● **Directions**: Nothing but the lines from the one containing "12 Pack Sun" through the end of the data below should appear in the answer, each exact and free of pictures.
──────── Material provided ────────
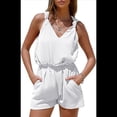 thumbnail image 3 of Conjuntos de Verano de 2 Piezas para Mujer, Sin Mangas, Cuello en V, Camisetas Sin Mangas con Nudo y Pantalones Cortos, Conjuntos A Juego, , XXL, 3 of 8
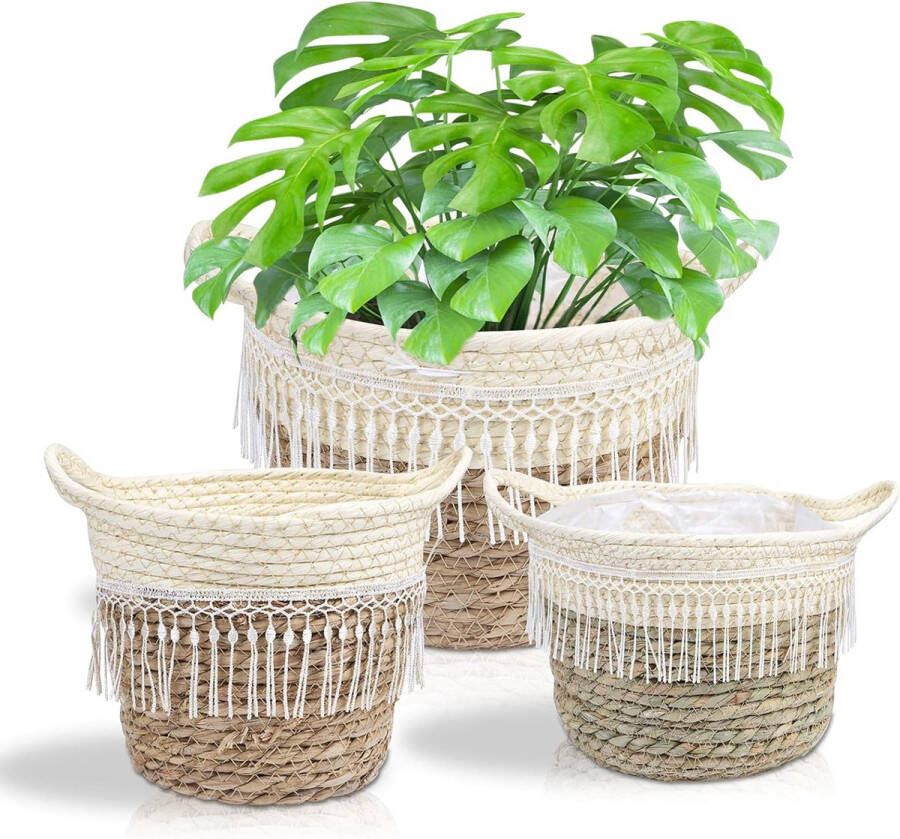 Set of 3 Plant Baskets Braided Flower Basket Old Seagrass Basket Hand-Woven Planters Flower Pot Plant Basket
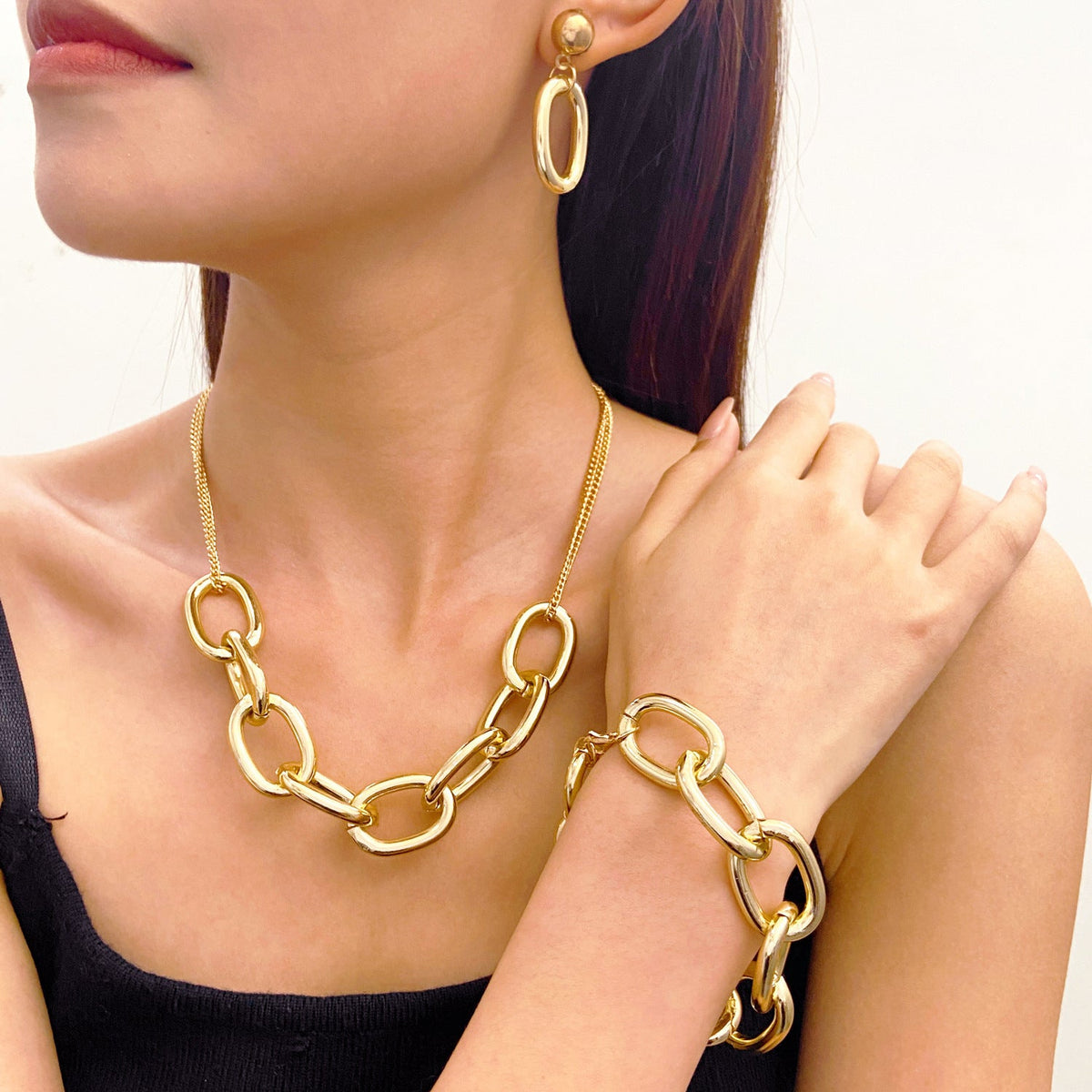Thick Chain Wind Simple Punk Hip Jewelry Set
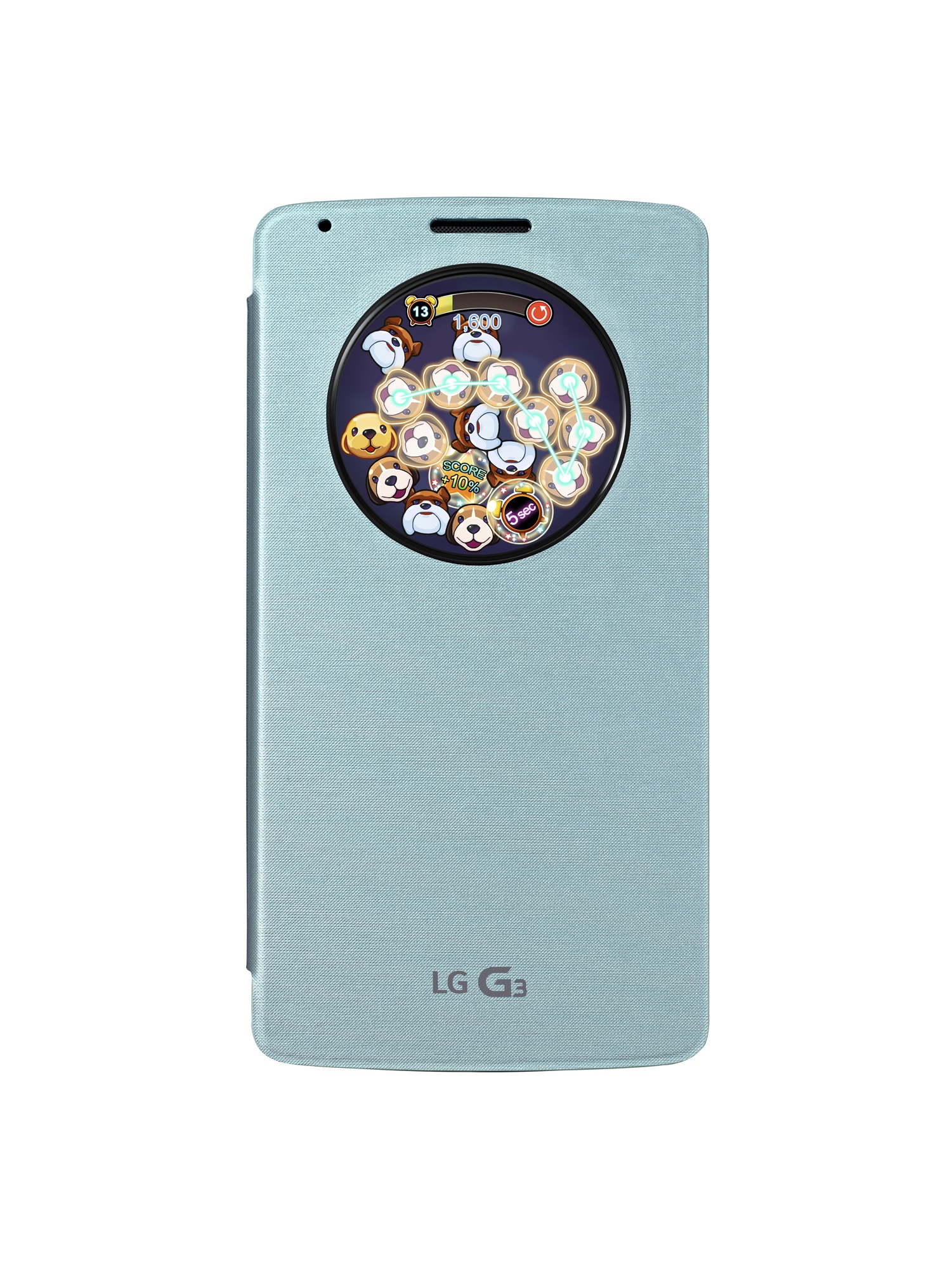 A front view of the G3 with QuickCircleTM Case in Aqua Mint color showing the screen of a game through the open window.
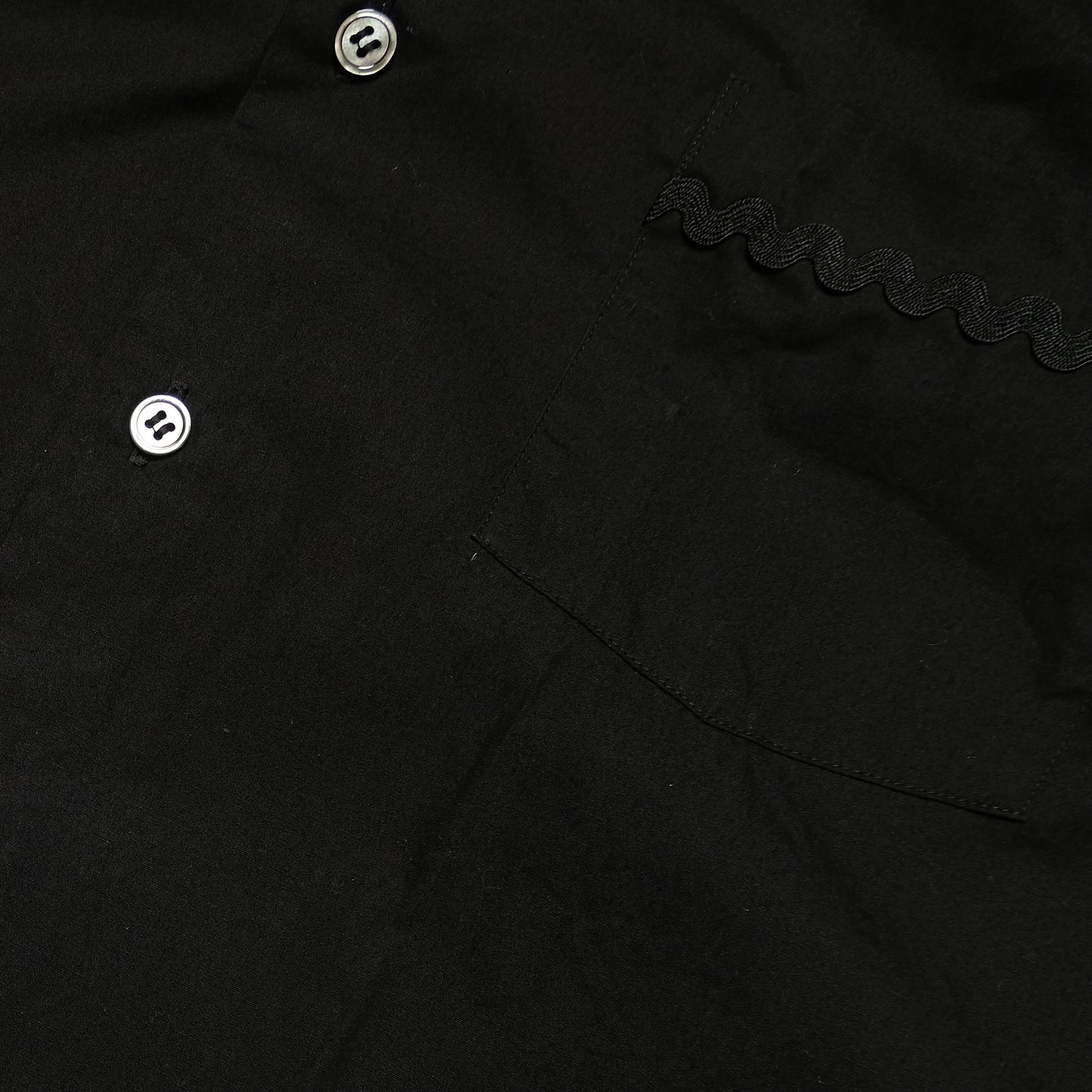 CDG Tricot Black Longsleeve Shirt - Pointed Collar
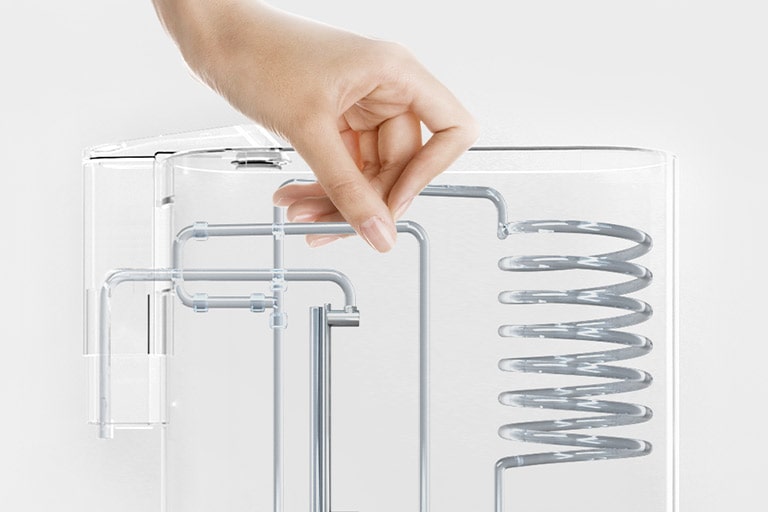 Three images are shown: the first features a hand gripping the pipe inside of the water purifier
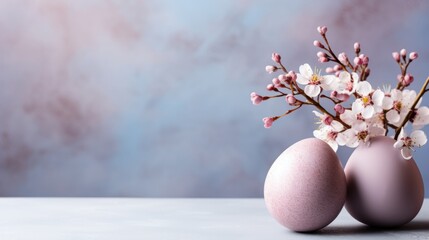 Elegant Easter Eggs with Cherry Blossoms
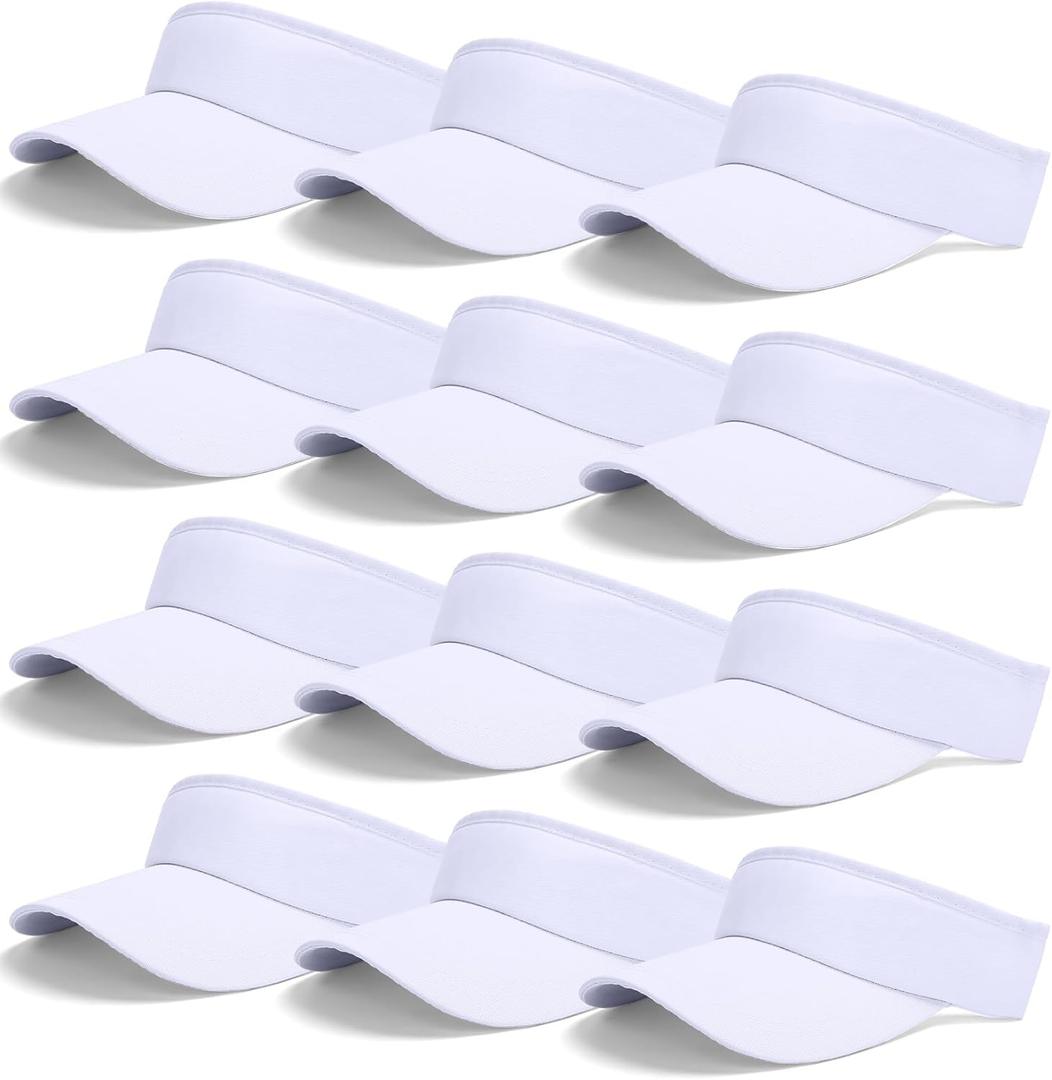 12 Pack Sun Visor Hats Softball Adjustable Cap Sun Protection for Women Men (White)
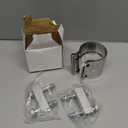 2.5" Exhaust Clamp, 2 1/2in Lap Joint Exhaust Band Clamp 304 Stainless Steel Muffler Clamps for 2.5" Od to 2.5" Id Exhaust Pipe Repair Sealing, Mufflers, Tubing Connection, 2PCS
────────
● **Solution to this exercise**:
 12 Pack Sun Visor Hats Softball Adjustable Cap Sun Protection for Women Men (White)
 2.5" Exhaust Clamp, 2 1/2in Lap Joint Exhaust Band Clamp 304 Stainless Steel Muffler Clamps for 2.5" Od to 2.5" Id Exhaust Pipe Repair Sealing, Mufflers, Tubing Connection, 2PCS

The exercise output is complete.